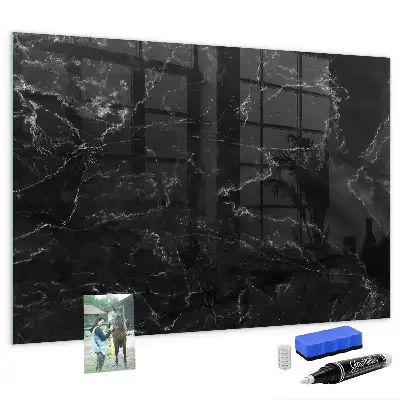 Magnetic dry erase board black marble finish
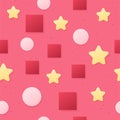 Simple abstract vector seamless pattern isolated on pink background, Yellow star, pink circe and red square. Seamless pattern for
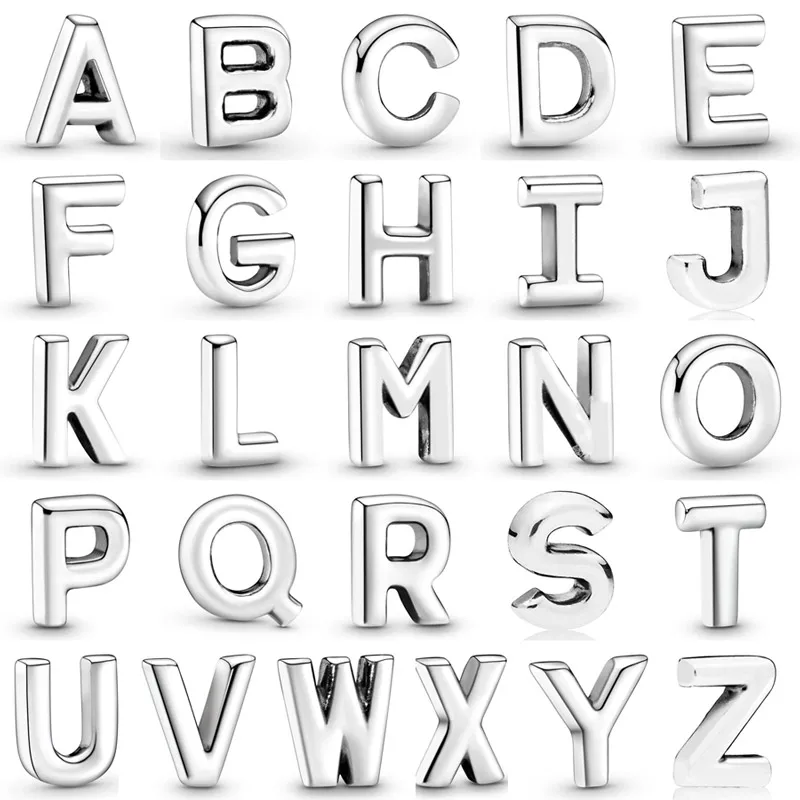 

Оригинальный оригинальный алфавит, буква A-Z маленькая, Мерцающая бусина, подходящая для женской серебряной подвески, популярная Мерцающая бусина
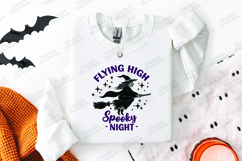 Flying High SVG - Spooky Night Witch Broomstick Cut File Product Image 3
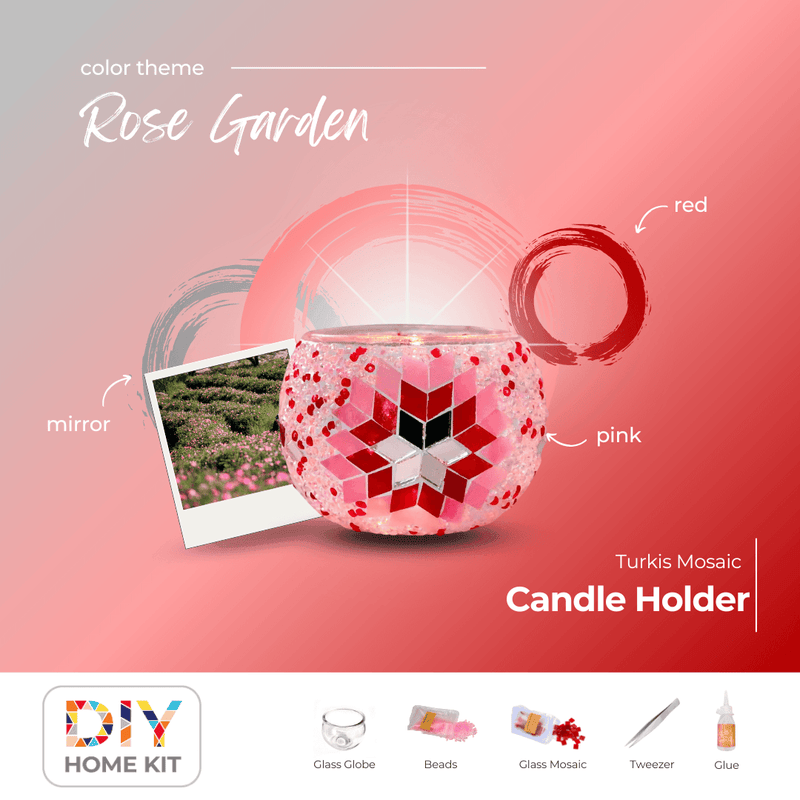 Rose Garden color-themed Turkish mosaic candle holder DIY kit with glass globe, beads, mosaic pieces, tweezer, and glue
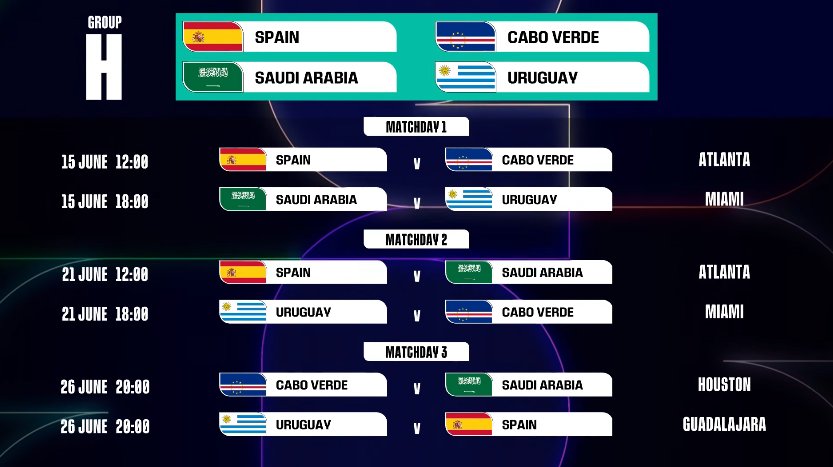 🚨OFICIAL los horarios y sedes de la <a href="/SEFutbol/">Selección Española Masculina de Fútbol</a> 🇪🇸 en el Mundial. 🏟️

Vs 🇨🇻 Cabo Verde a las 18:00 hora española
Vs 🇸🇦 Arabia Saudí a las 18:00
Vs 🇺🇾 Uruguay a las 3:00

Los 2 primeros en Atlanta 🇺🇸 (bien porque no hay desplazamientos), pero el último en 🇲🇽 y de madrugada en ESP😬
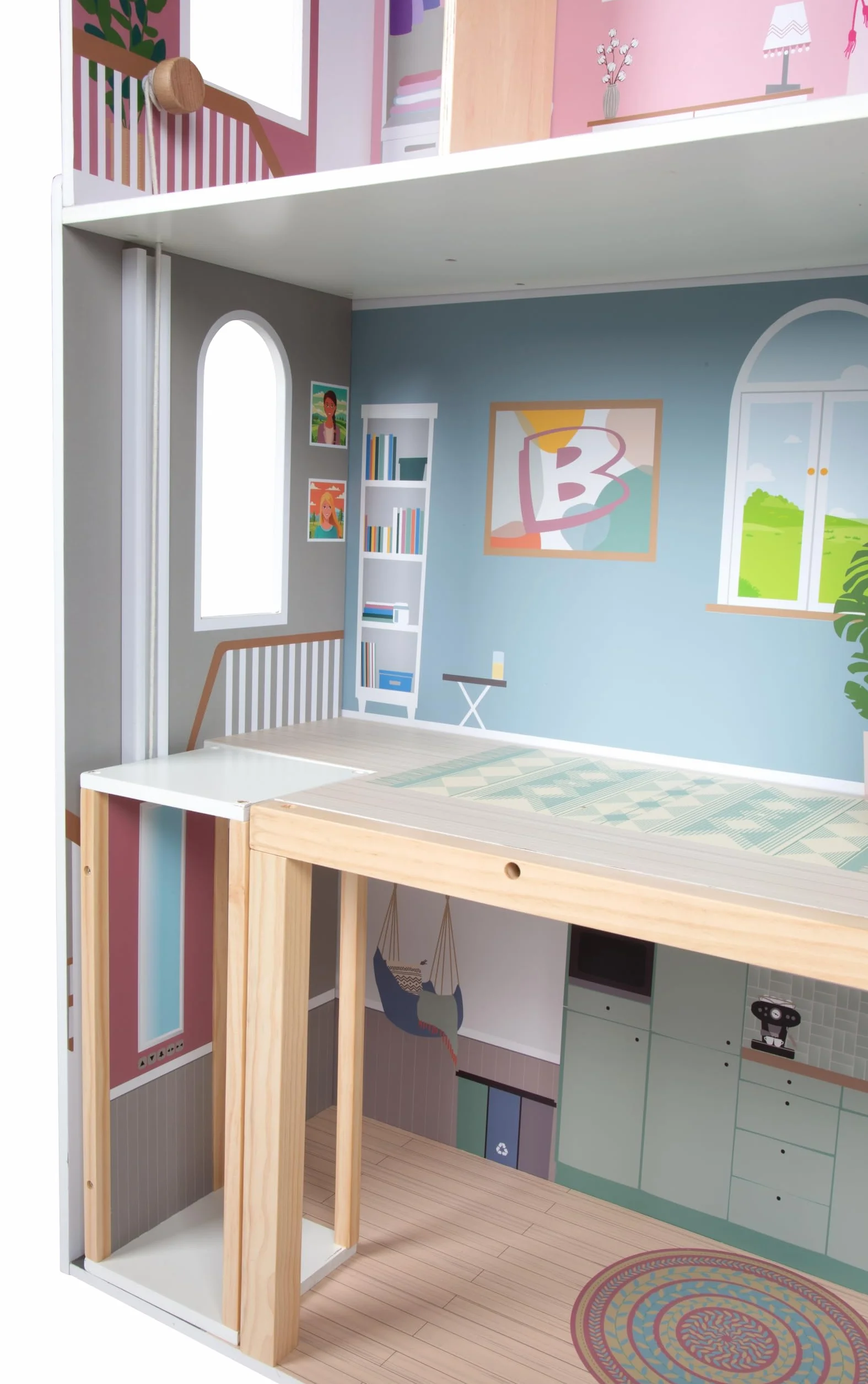 Mały domek dla lalek Villa XL, 3-piętrowy domek dla lalek z windą, dla lalek do 30 cm, skala 1:6, imitacja drewna, 12730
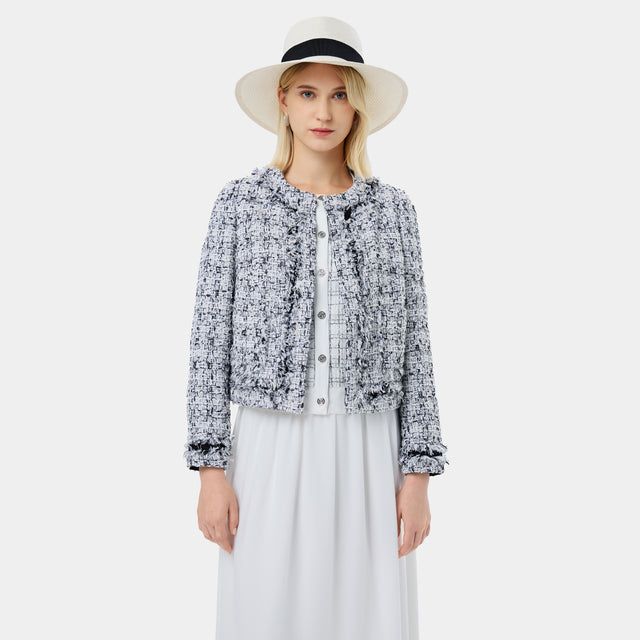 Ports 1961 STYLISH CREAM AND BLACK TWEED JACKET A LUXURIOUS WARDROBE ESSENTIAL CREAM BLK MIX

+ + + + +

### Try it:
Repeat the lines from the line containing "Simple abstract vector" through the end of the material above exactly, with no pictures and nothing else.

### Exercise response:
 Simple abstract vector seamless pattern isolated on pink background, Yellow star, pink circe and red square. Seamless pattern for

Оригинальный оригинальный алфавит, буква A-Z маленькая, Мерцающая бусина, подходящая для женской серебряной подвески, популярная Мерцающая бусина
 Flying High SVG - Spooky Night Witch Broomstick Cut File Product Image 3
 Rose Garden color-themed Turkish mosaic candle holder DIY kit with glass globe, beads, mosaic pieces, tweezer, and glue
 🚨OFICIAL los horarios y sedes de la <a href="/SEFutbol/">Selección Española Masculina de Fútbol</a> 🇪🇸 en el Mundial. 🏟️

Vs 🇨🇻 Cabo Verde a las 18:00 hora española
Vs 🇸🇦 Arabia Saudí a las 18:00
Vs 🇺🇾 Uruguay a las 3:00

Los 2 primeros en Atlanta 🇺🇸 (bien porque no hay desplazamientos), pero el último en 🇲🇽 y de madrugada en ESP😬
 Mały domek dla lalek Villa XL, 3-piętrowy domek dla lalek z windą, dla lalek do 30 cm, skala 1:6, imitacja drewna, 12730
 Ports 1961 STYLISH CREAM AND BLACK TWEED JACKET A LUXURIOUS WARDROBE ESSENTIAL CREAM BLK MIX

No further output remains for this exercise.